Big Blue Bubble's first-person RPG starts off with a short quiz targeted at gauging your personality and assigning you a character class accordingly. My answers suggested that I don't like direct conflict, so I became an assassin, skilled with ranged attacks. Once my character was created, the game began, and I stepped off a boat into a small town, walking into the town square with the D-pad and looking around with the face buttons (the touch screen works as well).
From talking to the inhabitants, using dialogue trees populated by statements of varying irreverence, I learned that the mountain keep I was hoping to explore was way dangerous! So dangerous, in fact, that the gate leading to the mountain was locked. Keys are only issued to adventurers who prove their skills with a weapon, which I did by beating up a straw dummy (covered in retractable spikes) outside the weapons shop. The town and its occupants all have a not-too-serious character that makes wandering around more interesting. Items all have interesting descriptions too: the "Old Mace," for example, "has been used many times on many unfriendly people."
Once inside the keep, I walked around the lowest level looking for valuable ore.
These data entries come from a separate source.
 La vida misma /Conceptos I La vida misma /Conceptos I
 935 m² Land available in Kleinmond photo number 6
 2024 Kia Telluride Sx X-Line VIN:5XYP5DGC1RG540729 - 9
The keep is rife with orcs, so I got to try out my new combat skills. Aiming with the face buttons or touch screen, you attack the 2D sprite enemies with either shoulder button, or by touching the "attack" icon. Because I was an assassin, I had a bow and arrow, allowing me to run like a sensible coward and attack from a distance. Eventually, I came across a dwarf who gave me an additional quest beyond my hunt for ore: he wanted a hammer. I went off in search of one, and was attacked a few rooms away by a bunch of less friendly dwarves who hadn't lost their weapons. I tried over and over again, and died every time, letting a chilling in-game scream as I was hit by an axe or hammer. Sometimes, when I restarted, an orc would be in the room as well, also taking part in my murder.
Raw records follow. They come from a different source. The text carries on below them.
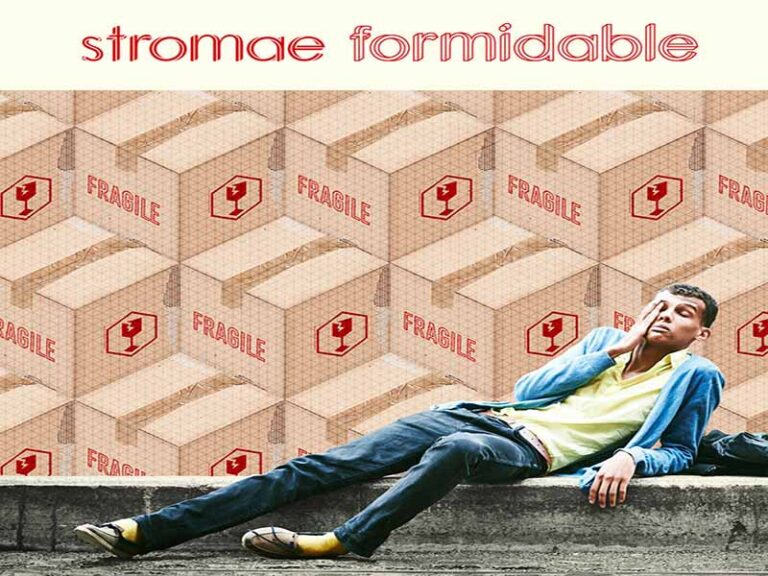 آهنگ فرانسوی Formidable از Stromae به همراه متن و ترجمه مجزا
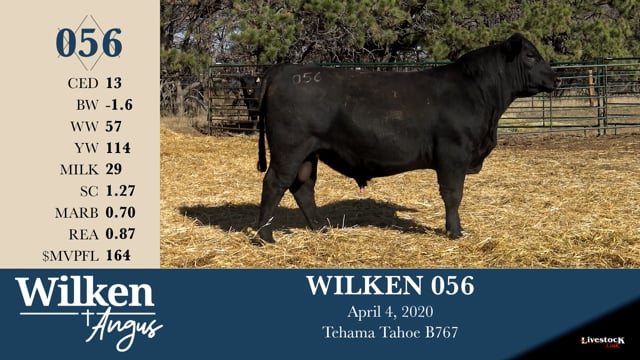 Lot #56 - WILKEN 056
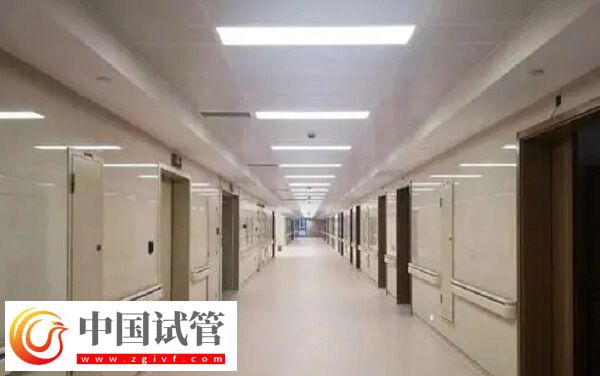 龍巖一院和二院哪個做人工受精好，成功率高？(圖1)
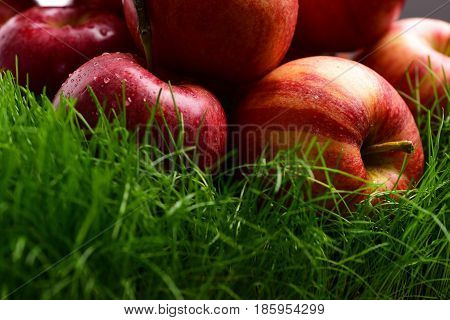 Fallen Fresh Red Apple In The Grass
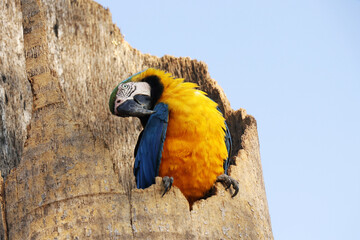Araras de Caldas Novas - GO - Brasil em lindos flagrantes no seu habitat natural 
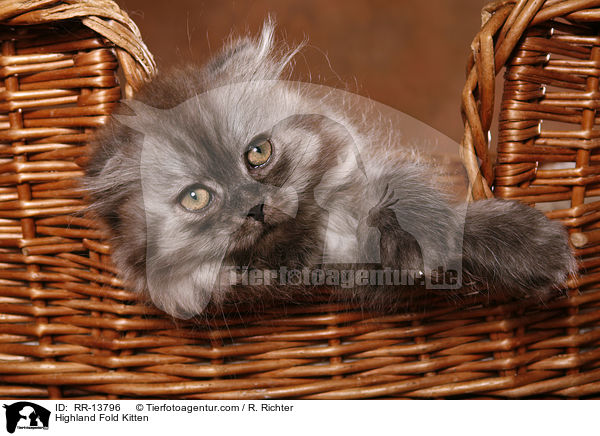 Highland Fold Kitten / RR-13796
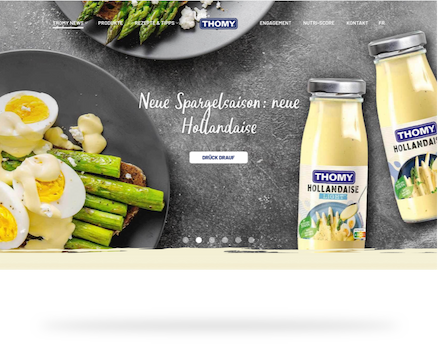 Screenshot of the Thomy.ch website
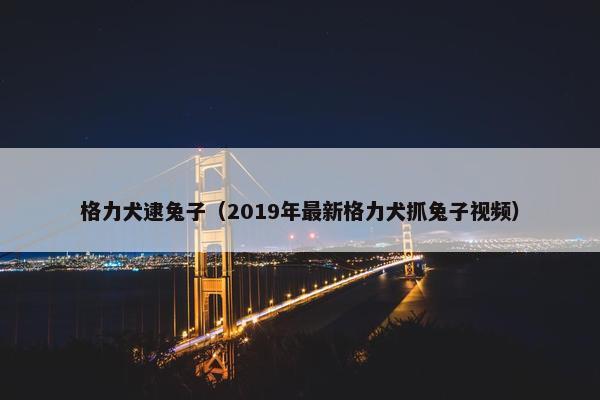 格力犬逮兔子（2019年最新格力犬抓兔子视频）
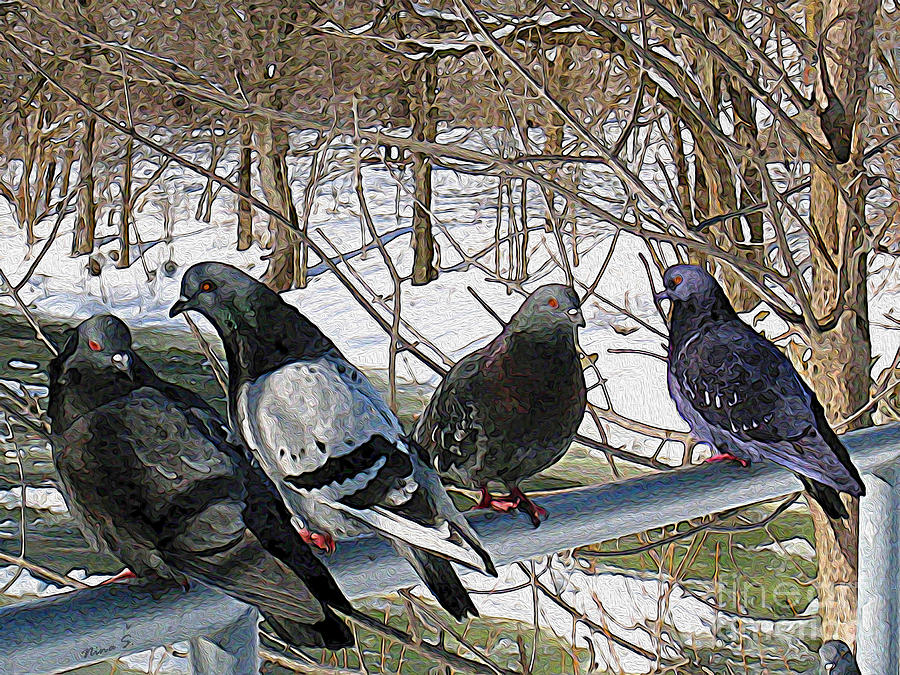 Bird Photograph - Winter Pigeon Party by Nina Silver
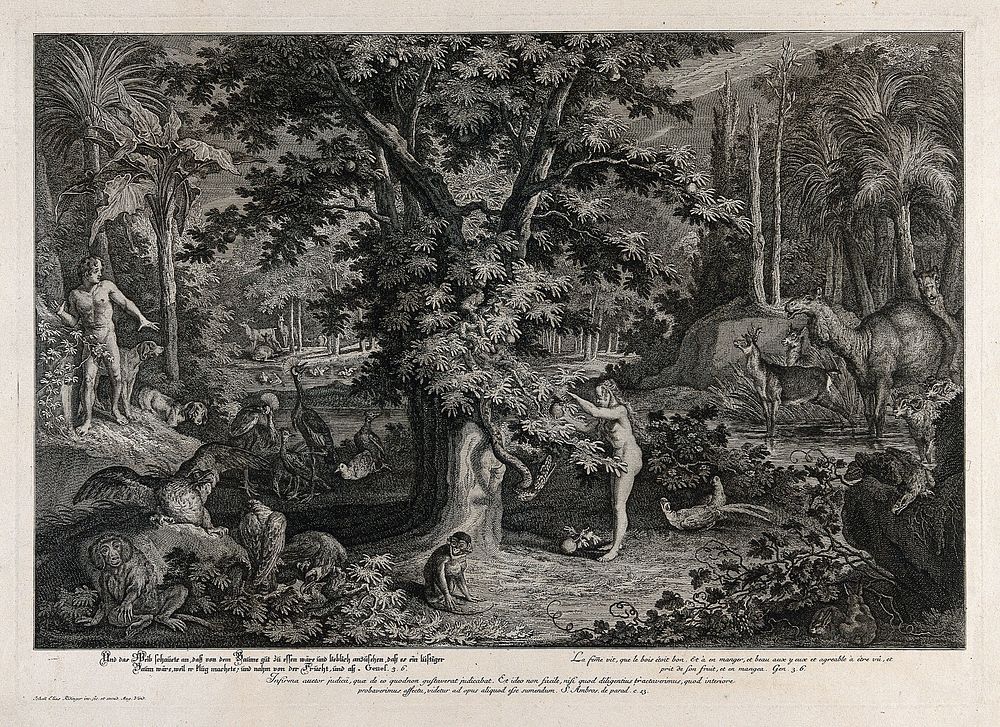 Eve picks the apple from the tree as the serpent emerges. Etching by J.E. Ridinger after himself, c. 1750.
Though my time in Firetop Mountain was brief, a complex game was already emerging. My character had a skill tree with upgradeable stats, attacks, spells, and even weapon enchantments. The in-game map allows the player to draw notes with the stylus. And even treasure chests offer challenge, with one chest locked with a puzzle that kills you within seconds if not solved. But all that is a side offering for the real game, which is walking around in caves and jamming on the shoulder buttons to damage orcs and dwarves in tiny increments. Which, at least for me, seemed like it could be monotonous. And insurmountably difficult.
Fighting Fantasy: The Warlock of Firetop Mountain will be out on November 24.